Personajes. Roberto de las Carreras

Roberto de las Carreras 
(1873-1963) 

He sido engendrado en una noche de pasión y no entre bostezos matrimoniales. Eso decía Roberto de las Carreras, el poeta decadentista uruguayo, a quien quisiera oírlo.
Razón tenía. Su madre, Clara García de Zúñiga, hija de un terrateniente de Gualeguaychú, iba de mano en mano como una falsa moneda, como decían las viejas. Su padre, don Mateo (el terrateniente), la había prometido a un señor que, prudente, esperó que tuviera catorce años para consumar lo que consumó.
A poco se hizo mujer, Clarita tuvo sus amoríos circunstanciales y, lo que es malo, los dijo.
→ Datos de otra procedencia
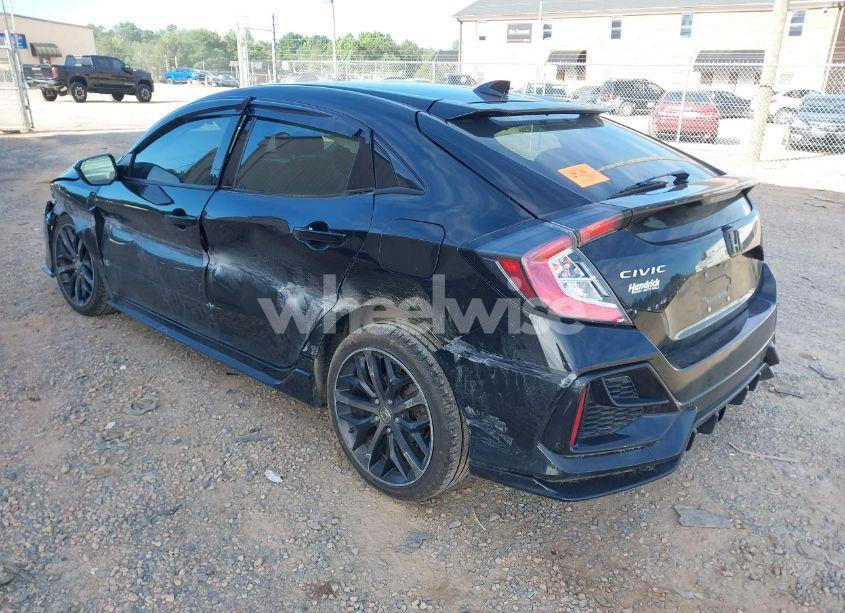 Photo 3 of 2021 Honda Civic SPORT TOURING (VIN SHHFK7H9XMU215147)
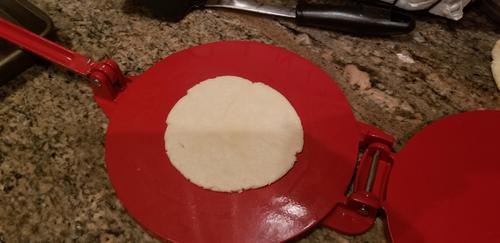 8-Inch Tortilla Press: Make Perfect Tortillas at Home Easily photo review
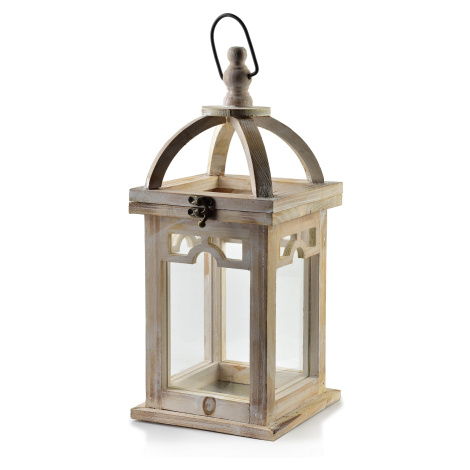 Mondex Lucerna LOKKE 16x26 cm hnědá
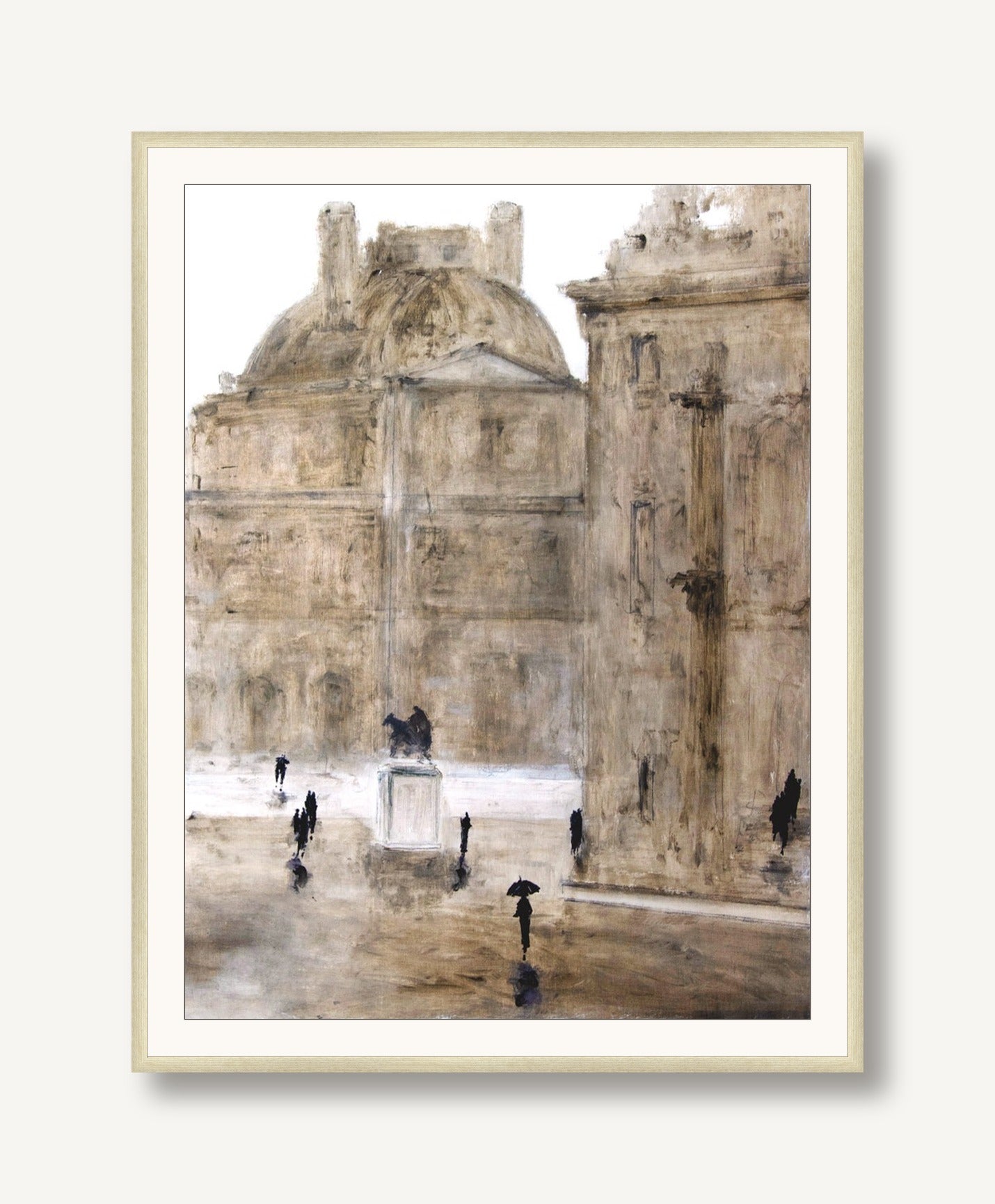 Journee a Paris 1 framed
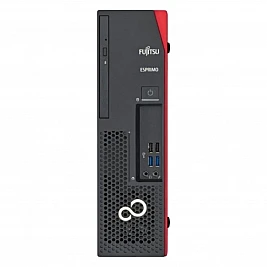 Unitate PC Refurbished Fujitsu Esprimo D538 SFF, I5 8600, 16 GB RAM, 256 GB SSD, DVD/RW, Windows 11 Pro, Stare Buna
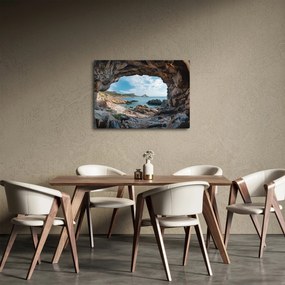 Obraz - Jaskyňa pri mori (70x50 cm)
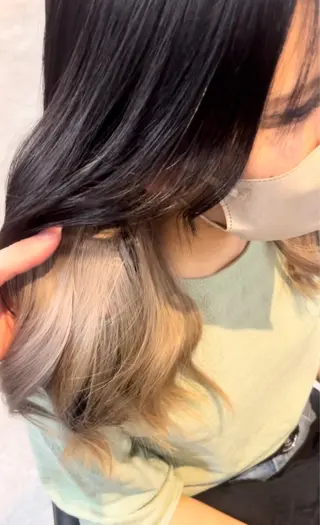 ロング カラー kanato🇰🇷 【札幌韓国ヘア】のヘアスタイル
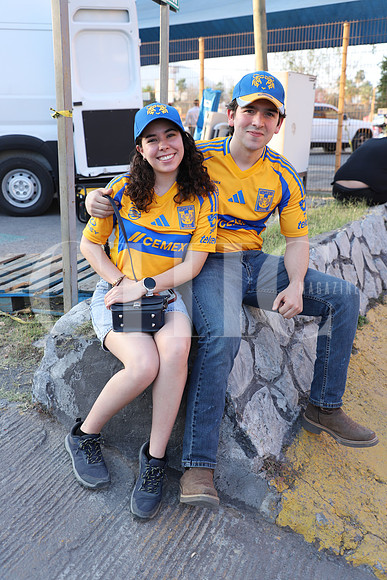 Karla Cantú y Alberto Garza 1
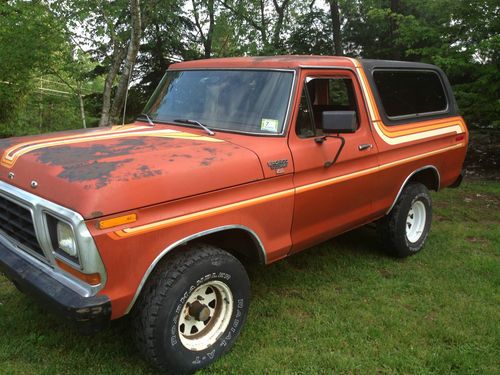 1978 Ford Bronco Ranger XLT Sport Utility 2-Door Free Wheeling Edition!, US $5,500.00, image 2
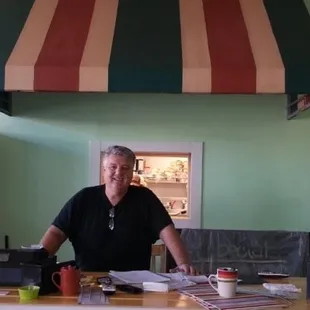 interior, sushi and sashimi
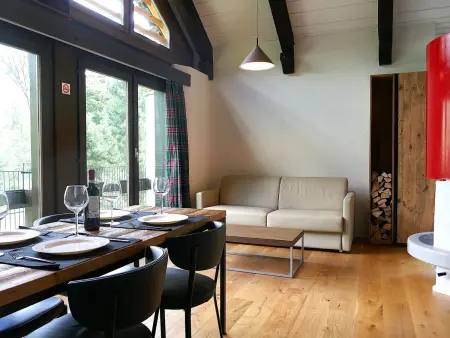 Apt. Terrace, Chalet 4 personnes à Olivone - Photo 6
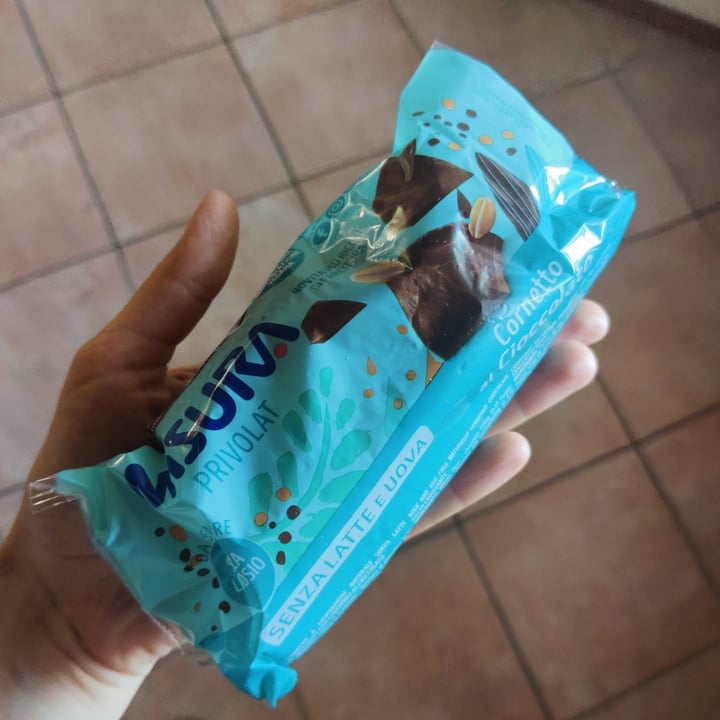 photo of Misura 6 cornetti al cioccolato shared by @michelanice on  04 Aug 2023 - review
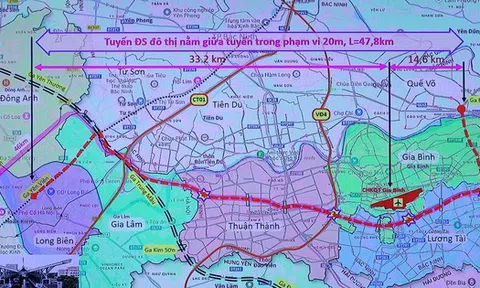 Làm đường nối sân bay Gia Bình với Thủ đô Hà Nội (đoạn qua Bắc Ninh) theo hình thức xây dựng khẩn cấp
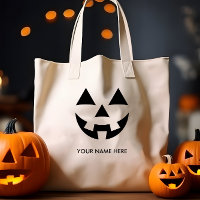 CHER JACK-O'-LANTERN CITROUILLE FACE NOM PERSONNAL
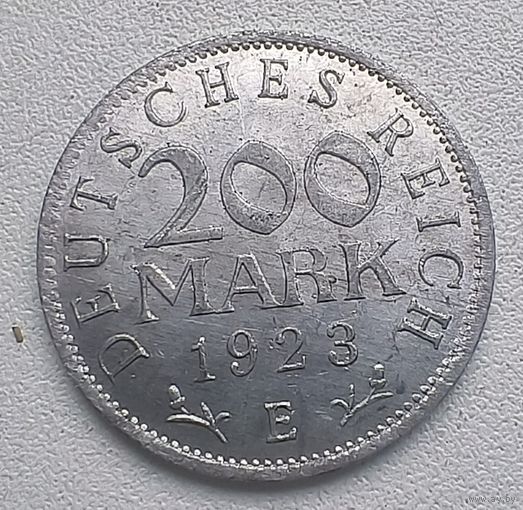 Германия 200 марок 1923 Е 7-7-7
Los que la querían, entonces, la declararon loca, le quitaron la administración de sus bienes y la encerraron en un altillo. Allí pasó sus días hasta la noche de su muerte.
Antes, había tenido lo suyo con Ernesto de las Carreras que, si no nos equivocamos, era hombre de reputación en San Isidro. De allí Roberto. Cabal, lo reconoció y, a modo de única herencia, le enseñó que el mejor medio de contener a una mujer infiel es arrojándola por el balcón. (Continúa)
Roberto de las Carreras, a quien más de uno considera el poeta del dandismo y el decadentismo orientales, dedicó su vida a poner en palabras (es decir, legitimar) aquel origen de bastardía.
“Ha sido la única gran señora de este pueblo. Paseaba insolentemente sus conquistas por la faz de la miserable aldea”. Roberto, quien esto dijo, también ventiló su desparpajo por las calles todavía coloniales de Montevideo.
Alguien lo describió con su sombrero de alas anchas, su cuello altísimo ceñido por un lazo displicente a lo lord Byron, su chaleco de inmaculado piqué y su gardenia en el ojal. Con ese atuendo fue baleado en plena Sarandí por un marido, más que celoso, cierto de lo que celaba. Roberto trastabilló, requintó el sombrero alón y dijo: “Un discípulo de Petronio no muere de dos balazos”.
Al hombre le gustaban chúcaras. “¡Viva la mujer canalla! –escribió su Amor libre (1902)- ¿Que traiciona? ¡Eso atrae! ¡Hace vivir de vértigo! Abismo, ¡yo te adoro! ¿Que se la ama en vano? ¿Que se burla? ¿Que se ríe, que escupe sobre nosotros? ¡No importa!”
Berta, la chiquilina anarquista con quien se había casado en la primavera de 1901, estaba cerca de aquella mujer canalla.; una “carnívora voluptuosa errando libremente”. Al regresar de Buenos Aires, la encontró en brazos de otro. Montevideo entero se le rió en la cara. Mi mujer –declaró el escritor- no hizo más que poner en práctica mis enseñanzas. Y celebró su reconciliación marital con un largo encuentro sexual con sadismo, sodomía mutua y otros encantos.
Las correrías de Roberto eran célebres y, si no lo eran, él se encargaba de publicarlas. Una vez fue al café literario Moka, donde paraba, con un botín de una hechura y otro de otra. ¿Un dandy como Roberto de las Carreras –le señaló un chusco- usando botines de distinta clase? La réplica: “Doy fe que uno es de mi pertenencia; el otro debe ser del amante de mi mujer”.
Roberto de las Carreras murió en un manicomio después de cincuenta años de reclusión.